Ах, Пушкин, Пушкин, сказано в великой поэме. Не Пушкин — Гоголь. Происходит слом ожидания, наивный и аутсайдерский стиль упирается в преткновение, в неожиданный реприманд, становясь публичным, вызывающим, экстатически адресованным граду и миру. Близ финала роман разворачивается назад, заново освещая пролистанное, и в обратной перспективе его открываются Записки сумасшедшего — клубящиеся и горячечные поприщинские признания (этим наблюдением со мной поделился Глеб Морев). Рассеянные в четырех журнальных подачах, они достигают восторженной концентрации к моменту падения занавеса. Поприщин декламирует выбранные места своей миссии, размышляет о божественной литургии и в чем наконец существо русской поэзии. Всей логикой заключительной сотни страниц доказывается правота сумасшедшего: без поэтики профетических обращений нельзя, без них литература пуста и жеманна. Принципиальный, загодя подготовленный ход, доказательство ума, артистизма и осознания замысла. Будто на обэриутской сцене один классик спотыкается о другого, любимого до боли и ненависти, уготованного ему в вечные спутники, и корчится в судорогах вернувшийся к Петербургу недорезанный петербургский период. Сколько раз хоронили солнце Петрополиса, а оно светит и проницательно слепнет над городом и литературой, доказывая неотменимость холодных лучей. Северному солнцу русских иероглифов, омытых нильской водою каналов и присыпанных островною землицей, спел гимн накрывшийся лицедейской шинелью автор. Вот о чем этот роман. Знаменательно, что обошлось без декаданса, дешевой апокалиптики и вульгарностей постленинградского акмеизма, вегетарианского, в мемориальных таблетках, питания литераторов, избегающих смотреть в глаза современности. По другой культуре тоска: будущей, несвершенной, воскресшей после дуэли и голодной смерти от скорби ума.

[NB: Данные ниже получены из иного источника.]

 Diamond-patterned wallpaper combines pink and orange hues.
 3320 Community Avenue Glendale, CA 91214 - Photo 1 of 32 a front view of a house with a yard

Этого Пушкина будетляне не бросили б с парохода — ведь поэт только рождается, возрождается, предстоит. Из Гоголя же они вышли сами, он был их непотопляемой колыбелью и сектантским прародительским кораблем.
Изящная и, по первым листам, необязательная летопись толковника-педераста разрешается мощным движением лирической одержимости. Похоже, у нее есть шанс найти стихийное, под небом и звездами, вместилище своей необузданности, но, увы, не собор, способный внять этой проповеди, и тем паче не массовых потребителей, дерзнувших хронику прочитать. Народы потому и мерещатся взору рассказчика, что Ильянен в силу сознаваемых им особенностей своего дарования обречен на весьма неброскую известность и, конечно, смирился с этой данностью. Бездарно другое — яркую прозу игнорируют профессиональные оценщики слов.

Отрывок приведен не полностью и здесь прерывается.